O teólogo acha que a escolha de um cardeal brasileiro seria
uma grande surpresa. “Porque nós não temos cardeais proféticos, de renome
internacional, como tínhamos antes com dom Paulo Evaristo [Arns], com dom
Aluísio [Lorscheider]. Temos cardeais criados pelos dois papas João Paulo II e
Bento XVI, que são moderados e conservadores. Não seriam as figuras capazes de
enfrentar uma grande crise da Igreja”.
Mesmo depois de ter sido julgado e condenado pelo então
Cardeal Joseph Ratzinger, em 1974, com quem trabalhou anteriormente, Leonardo
Boff disse que não guarda nenhum ressentimento ou mágoa. “Curiosamente eu não
guardo nada. Até me esqueço disso, e considero coisa do século passado. Lamento
que ele, enquanto presidente desse Santo Ofício e continua agora como papa,
condenou mais de 100 teólogos, os melhores dos países”. Os teólogos, como Boff,
foram proibidos de dar aulas, de fazer conferências, de publicar livros. Continue lendo...
Na avaliação de Boff, Joseph Ratzinger foi um papa que tem
um rosto afável, é elegante, mas de uma dureza germânica.
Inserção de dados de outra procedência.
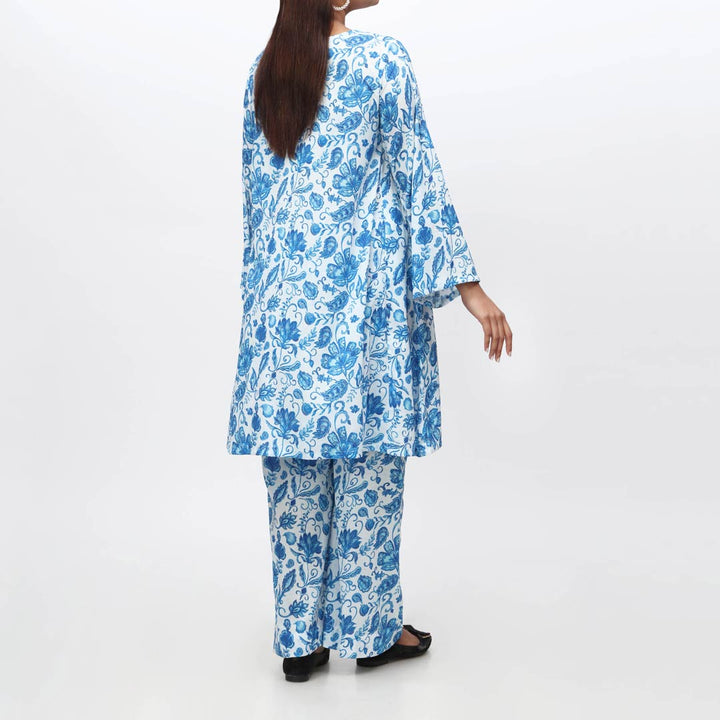2PC-Unstitched Digital Printed Lawn Suit PS4404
Eu diria bismarquiana
(aludindo a Otto von Bismarck, estadista mais importante da Alemanha do século
19 que, para formar a unidade alemã, desprezou os recursos do liberalismo
político, preferindo a política da força). Ele não esquece nada, cobra tudo e
não perdoa nada”, disse. “Isso é o pior que pode haver na figura de um
religioso”, completou.
Para o teólogo, há meios de se reverter a perda de fiéis que
a Igreja Católica vem sofrendo ao longo dos últimos anos. Isso vai depender,
contudo, da imagem que a igreja projetar. “Se for a imagem de um papa pastor,
que ama o povo, que serve com humildade e simplicidade como João XXIII, que é chamado
o papa bom, todo mundo adere e se recupera a Igreja Católica como um lar
espiritual. Hoje ela não é um lar espiritual. Ela é um pesadelo que afugenta as
melhores cabeças, leigas, de homens e mulheres”.
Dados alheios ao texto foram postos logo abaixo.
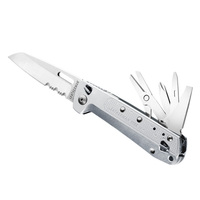 LEATHERMAN FREE K4X MULTI-TOOL & POCKET KNIFE , 9 TOOLS SILVER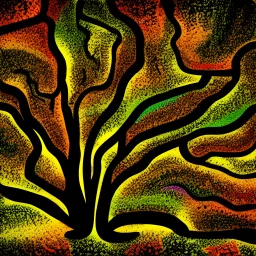 abstract land tree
Em entrevista à Agência Brasil e à TV Brasil,
Leonardo Boff analisou que a renúncia de Bento XVI é um sinal que o tipo de
Igreja, “toda centralizada na figura do papa, é impossível de ser levada
avante”. Essa, segundo ele, é uma carga pesada, colocada nas costas de uma
única pessoa. O teólogo acrescentou que o papa foi sincero quando disse não ter
mais vigor para dirigir a Igreja Católica mergulhada em uma crise profunda.
“Então, humildemente e sinceramente, renunciou”.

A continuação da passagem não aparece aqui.